Undaunted, Caesar has began looking in other directions to help find money for his project and others like it.
“We may find out that there is another formula that we can put together,” Caesar said. “One of the goals in proposing the way I did is I do not want to see any money taken away from any social service programs to go for history. We need every dime we can to go towards social service needs in the county. That's why I turned to the hotel tax.”
Jack Cohen, president of the Butler County Tourism & Convention Bureau said the bureau offers grants to its members which can be used for whatever they see fit for their tourism business or organization.
“We do grants every year for $5,000 for improvements like that but (Caesar) never asked,” Cohen said. “All you have to do is fill out the papers and send them in.”
Caesar said improvements to the foundation of the Roebling workshop would exceed upward of $250,000, well above the grants given out by the tourism bureau.

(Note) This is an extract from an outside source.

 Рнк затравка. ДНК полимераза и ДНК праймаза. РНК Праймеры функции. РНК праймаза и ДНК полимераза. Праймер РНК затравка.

“We’re beyond the $5,000 grants,” Caesar said. “That’s great to get in small ways, but we are talking of expenses that are way beyond those types of grants. We are talking significant dollars.”
Cohen said he wishes he could help allocate money from the bureau to assist with historical infrastructure because he also sees it as a growing problem, but if he helps one of the bureau’s roughly 400 members, he would have to then help all them.
“There’s no question if it’s historical, it can’t go away,” Cohen said. “It’s very important for the history to tell the story. When we send people to a museum like (Roebling), it’s a beautiful museum and what (Caesar) is talking about is very important.”
Osche said there are grants available that could help Caesar and those in similar situations, but there would need to be some money raised upfront, which would be matched.
“The other part of those grants is a match requirement and, in addition, you have to cash-flow it,” Osche said. “If they don’t have the cash on the front end that’s where we can be helpful. That’s what our parks do is cash-flow it on the front end, then get reimbursed on the back end.”
Caesar was invited to testify at an America 250PA‘s Infrastructure Improvements and Projects Committee hearing on June 16.
“I wanted to make sure the committee was aware of our project needs,” Caesar said. “In reading their mission plan, they’re running for 2026 to promote and have people be aware of the educational side of the commonwealth’s history.
“They were very receptive towards the history part of this and see the need. However, I am probably one of 100 that they would have to pick through.”
Caesar’s overall goal he said is to bring attention to this issue before it becomes too hard to fix.
He realizes that this is going to take some time, but he simply just wants to get the conversation moving at this point.
“There is going to have to be discussions and compromises,” Caesar said. “I don’t want us to lose sight of what our goal, which is to save what is the historical significance of Butler County for future generations so they know about our history.”